Then, without any notification, we came to the end of the narrow stairwell into an opening, and… a glorious blue arrow! My body‘s response was immediate relief. There it is! There’s the way out!

As I reflect on this I can’t help but think, how many times do we desperately long for those blue arrows to show us the way out of somewhere we don’t want to be? We feel stuck, trapped and unable to move. But this I know – there is always a way. Our job is to keep moving forward, stay grounded in God and keep our eyes open for the blue arrows showing us the path to take. We will find them if we don’t give up.

“Through it all, my eyes are on you; and it is well, with me” ~It Is Well, Kristene DiMarco

Still Walking

Today I woke up in Turkey. Don’t worry, I planned to be here. 🙂 But if you would’ve asked me a few years ago? I would not have predicted this.

It’s been a while since I’ve written. This past season of life has been filled with ups and downs, sharp corners and surprises that weren’t welcomed or foreseen. I know I’m not alone in this. We, as humans, are not immune to these roller coaster rides of life. It’s something we all have in common.

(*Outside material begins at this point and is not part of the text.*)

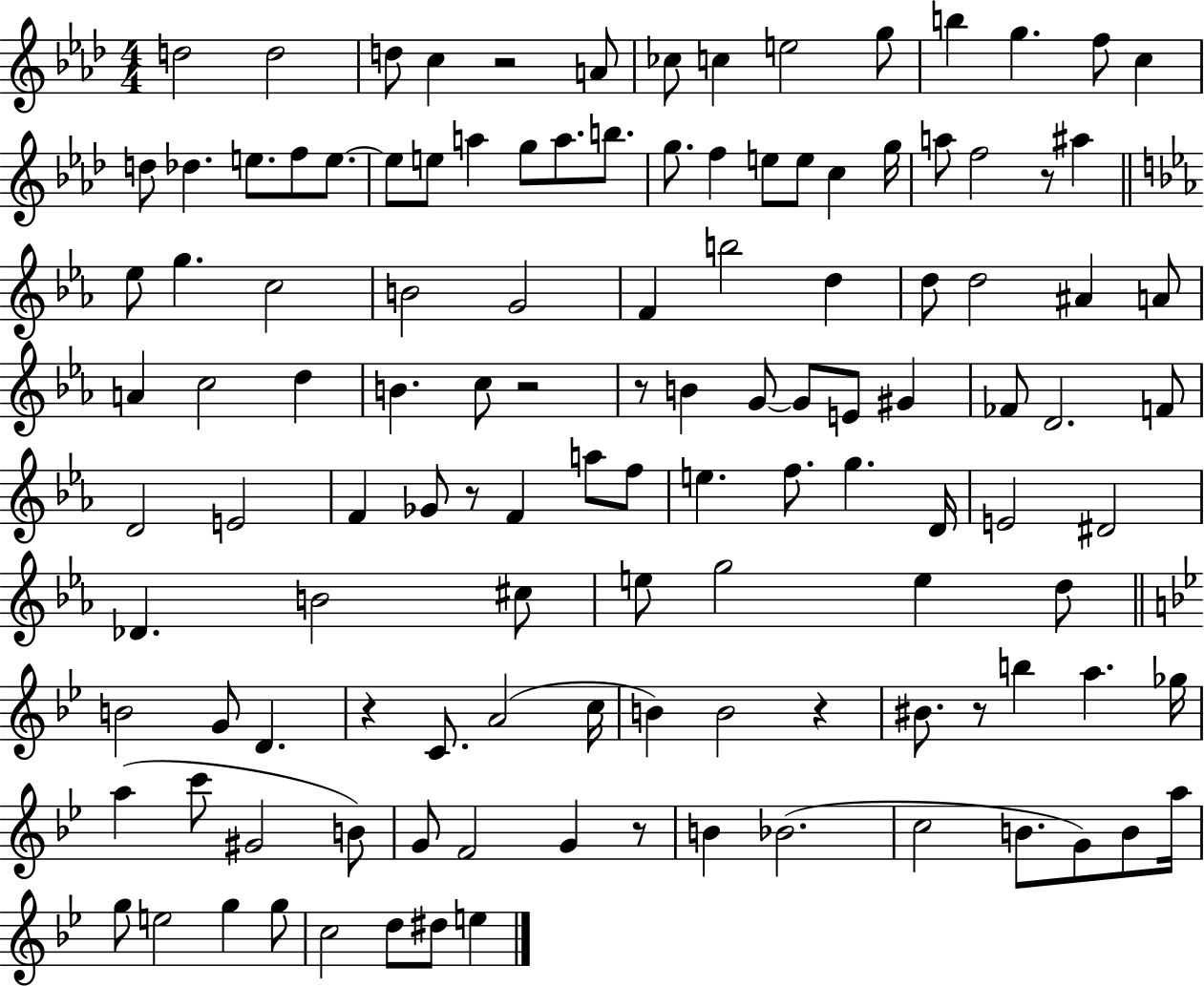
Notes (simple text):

D5/h D5/h D5/e C5/q R/h A4/e CES5/e C5/q E5/h G5/e B5/q G5/q. F5/e C5/q D5/e Db5/q. E5/e. F5/e E5/e. E5/e E5/e A5/q G5/e A5/e. B5/e. G5/e. F5/q E5/e E5/e C5/q G5/s A5/e F5/h R/e A#5/q Eb5/e G5/q. C5/h B4/h G4/h F4/q B5/h D5/q D5/e D5/h A#4/q A4/e A4/q C5/h D5/q B4/q. C5/e R/h R/e B4/q G4/e G4/e E4/e G#4/q FES4/e D4/h. F4/e D4/h E4/h F4/q Gb4/e R/e F4/q A5/e F5/e E5/q. F5/e. G5/q. D4/s E4/h D#4/h Db4/q. B4/h C#5/e E5/e G5/h E5/q D5/e B4/h G4/e D4/q. R/q C4/e. A4/h C5/s B4/q B4/h R/q BIS4/e. R/e B5/q A5/q. Gb5/s A5/q C6/e G#4/h B4/e G4/e F4/h G4/q R/e B4/q Bb4/h. C5/h B4/e. G4/e B4/e A5/s G5/e E5/h G5/q G5/e C5/h D5/e D#5/e E5/q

Nicolas Herrmann was no stranger to this. But there was something that he figured out along the way. He figured out how to walk in peace. To have peace with you, whether you are washing dishes or in prayer, is something I want to learn. I drift away from it so often and have so much to learn about living this way. This man, also known as Brother Lawrence, “lived his life, as though he were a singing pilgrim on the march.” (The Practice of the Presence of God)

The purpose of this trip to Turkey is to go on a pilgrimage called the Footsteps of Paul. We will be traveling throughout Turkey and Greece to walk where the Apostle Paul has gone before. I hope our travels teach us to walk in the peace of His presence. To learn from those gone before us. I hope as I share the journey, you too will be inspired as we learn together.

Thanks for walking with me. For being on this life pilgrimage too. For not giving up. I wrote in my journal this morning:

Still wondering

Still hurting

Still healing

Still walking

As I sit in the courtyard of our hotel here in Turkey, I am hopeful that as we move along, we will learn how to settle into that place called peace as those who have gone before us have done. And we would know without hesitation, that everything is going to be worked out as long as we are still walking.